Dataset content:
··········

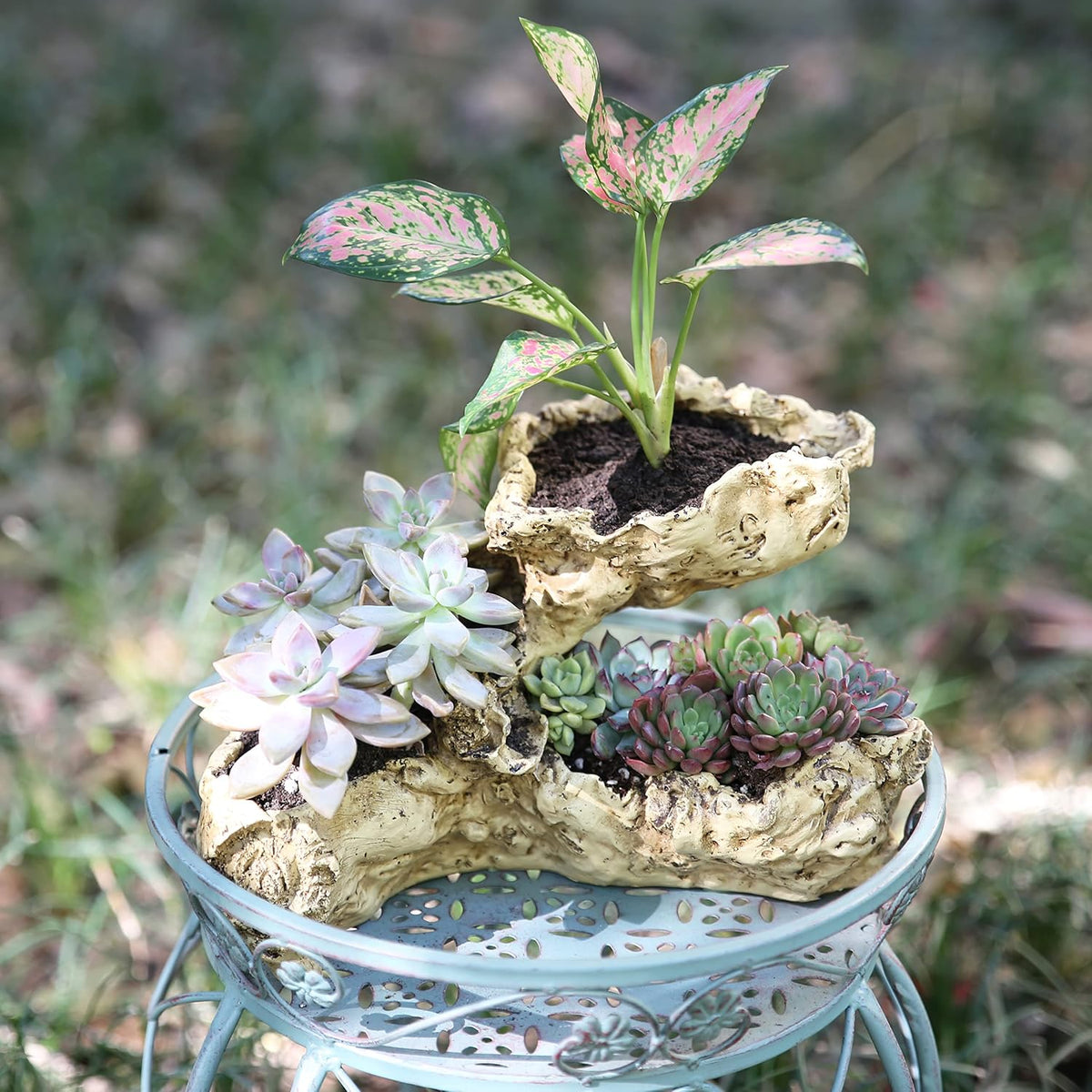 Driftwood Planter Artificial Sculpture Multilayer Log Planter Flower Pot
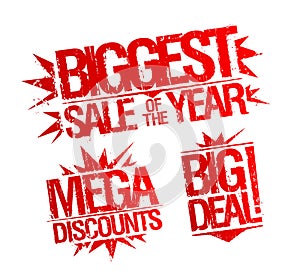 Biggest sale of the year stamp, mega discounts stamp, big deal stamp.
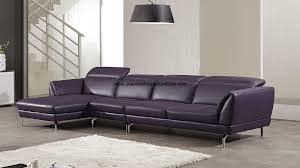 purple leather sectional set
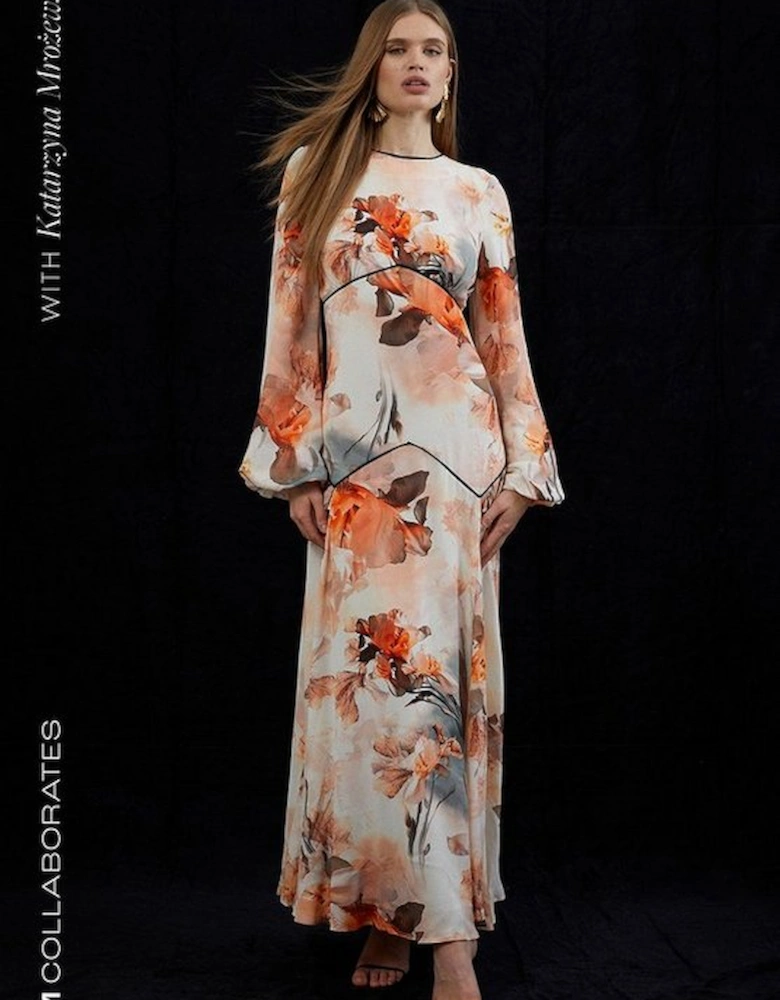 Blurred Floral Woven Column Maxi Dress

··········

Required action:
Everything in the listing above must be restated word for word, except the images.

Your solution:
 Driftwood Planter Artificial Sculpture Multilayer Log Planter Flower Pot
 Biggest sale of the year stamp, mega discounts stamp, big deal stamp.
 purple leather sectional set
 Blurred Floral Woven Column Maxi Dress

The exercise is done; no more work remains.